Hand ball rule explains why Moussa Sissoko offence was a penalty

Conan Doherty

It was a controversial start to the Champions League final

Just 24 seconds into the 2019 Champions League final, Liverpool were awarded a penalty because of Moussa Sissoko’s hand ball.

By every metric, the action was an offence and Liverpool were owed their penalty. The hand ball rule in football has always been a point of consternation and it has intensified even more this year with the introduction of VAR but the same referee who gave United a penalty against PSG for Kimpembe’s hand ball was right to allow Mo Salah an effort from 12 yards.

One which the Egyptian duly dispatched.

Sissoko might not have moved his hand in reaction to the flight of the ball but he had no need to have his hand in that unnatural position which obstructed the cross unfairly.
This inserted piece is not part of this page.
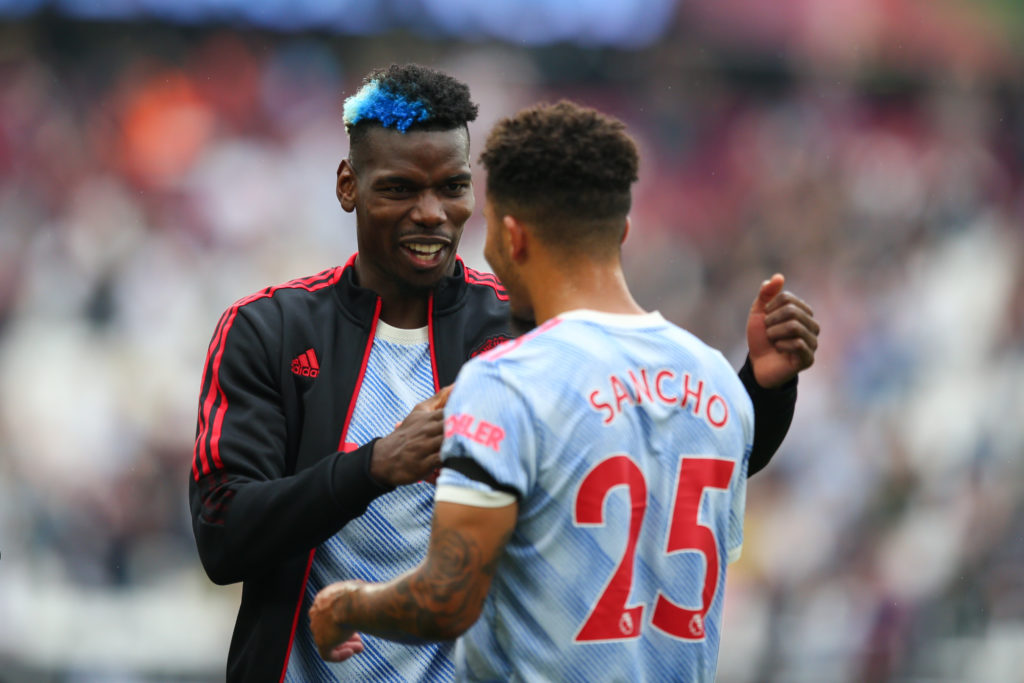 Paul Pogba celebrates with Jadon Sancho after a win with Man Utd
The distance between his arm and the ball also allowed him an opportunity to move it out of the way or, you know, not have it extended perfectly 90 degrees away from his body – and then keep it there the whole time.

And, actually, what happened when the ball hit his arm was that Sissoko then proceeded to move his hand towards the ball which was dropping in the deflection and he handles it a second time and spins it to ground.
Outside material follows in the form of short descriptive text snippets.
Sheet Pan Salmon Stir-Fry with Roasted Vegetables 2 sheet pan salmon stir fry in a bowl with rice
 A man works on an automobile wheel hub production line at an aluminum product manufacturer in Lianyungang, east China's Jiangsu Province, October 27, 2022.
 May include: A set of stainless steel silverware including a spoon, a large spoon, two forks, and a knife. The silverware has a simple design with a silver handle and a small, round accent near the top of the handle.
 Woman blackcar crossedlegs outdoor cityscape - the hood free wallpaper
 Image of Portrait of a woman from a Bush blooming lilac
It was unnecessary, it was unnatural and it was a penalty.

The handball rule

Handling the ball involves a deliberate act of a player making contact with the ball with the hand or arm.

The following must be considered:

  • the movement of the hand towards the ball (not the ball towards the hand)
  • the distance between the opponent and the ball (unexpected ball)
  • the position of the hand does not necessarily mean that there is an offence
  • touching the ball with an object held in the hand (clothing, shinguard, etc.) is an offence
  • hitting the ball with a thrown object (boot, shinguard, etc.) is an offence

The goalkeeper has the same restrictions on handling the ball as any other player outside the penalty area. Inside their penalty area, the goalkeeper cannot be guilty of a handling offence incurring a direct free kick or any related sanction but can be guilty of handling offences that incur an indirect free kick.

Before Mané even strikes it, Sissoko is in this position

And he is not moving

As Mané kicks through, Sissoko’s arm is still unnecessarily in the way

Of course it hits his arm and deflected to a safer position

Sissoko gets a second touch of it as he moves his arm towards it and takes the sting out of the ball

A high, curling cross is trapped and dead because of a loose limb that did not need to be loose

In January Head of Uefa Referees Robert Rossetti told the Times that – when VAR was introduced into this season’s Champions League – officials would penalise any unnatural arm movement that makes contact with the ball.

That’s exactly what Sissoko did. Twice.

“The big challenge is the position of the arm. When the arm is totally out of the body above the shoulder it should be penalised. If the defender is making the body bigger in order to block the ball it is not fair,” said Rossetti.

“It is different if the defender is challenging or playing the ball and it rebounds. But if he is looking to block a cross or a shot on goal and the player is trying to spread his body then it is a handball.”

Of course none of this really matters because Liverpool won 2-0, but at least now you know.